The file is written to the same directory as the rest of the output. The filename is suffixed with _baddata.

  • Do Not Write Null Rows to File - remove null value data and display in the result UI, but do not write to an external file.
  • Do Not Write or Count Null Rows (Fastest) - remove null value data but do not count and display in the result UI.
  • Write All Null Rows to File - remove null value data and write all removed rows to an external file.
Advanced Spark Settings Automatic Optimization
  • Yes specifies using the default Spark optimization settings.
  • No enables providing customized Spark optimization. Click Edit Settings to customize Spark optimization. See Advanced Settings Dialog Box for more information.
Storage Format Select the format in which to store the results. The storage format is determined by your type of operator.

Typical formats are Avro, CSV, TSV, or Parquet.

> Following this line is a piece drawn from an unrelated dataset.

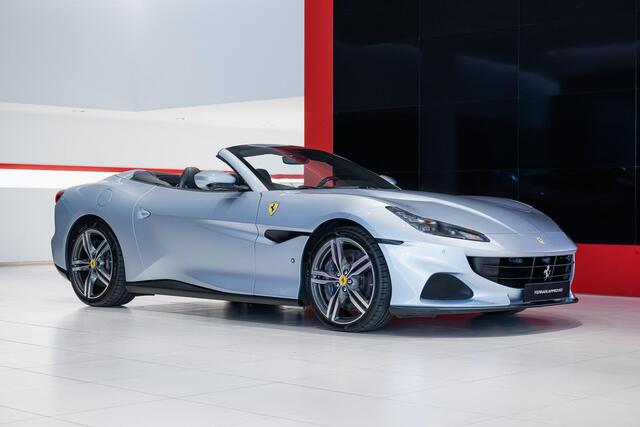Ferrari Portofino M - Kroymans Ferrari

Compression Select the type of compression for the output.
Available Parquet compression options.
  • GZIP
  • Deflate
  • Snappy
  • no compression

Available Avro compression options.

  • Deflate
  • Snappy
  • no compression
Output Directory The location to store the output files.
Output Name The name to contain the results.
Overwrite Output Specifies whether to delete existing data at that path.
  • Yes - if the path exists, delete that file and save the results.
  • No - fail if the path already exists.

Output

Visual Output
See Independent Samples T-Test Use Case for example data on a puppy training program that illustrates use of the independent samples t-test. The results contain one row for each column selected in the Sample Columns parameter. In this case we see that the puppies that Jenny trained do not perform significantly differently than those that Rachel trained either before or after training, because none of the p-values are close to zero.

Data Output
  • T Statistic - A value computed based on the average and variance. The higher the magnitude of the t-statistic, the higher the difference between the means.
  • Two Tailed PValue - The sum of the area under the Students t-distribution above the absolute value of the t-statistic and below the inverse of the t-statistic. A higher value indicates a greater absolute difference in the sample compared. The null hypothesis is usually rejected if p < 0.05.
  • Lower One Tailed PValue - The area under the Student's t-distribution between negative infinity and the t statistic. A lower p-value indicates that sample a is less than sample b. The null hypothesis is usually rejected if p < 0.05.
  • Upper One Tailed PValue - The area under the Student's t-distribution between positive infinity and the t statistic. A lower p-value indicates that sample a is greater than sample b. The null hypothesis is usually rejected if p < 0.05.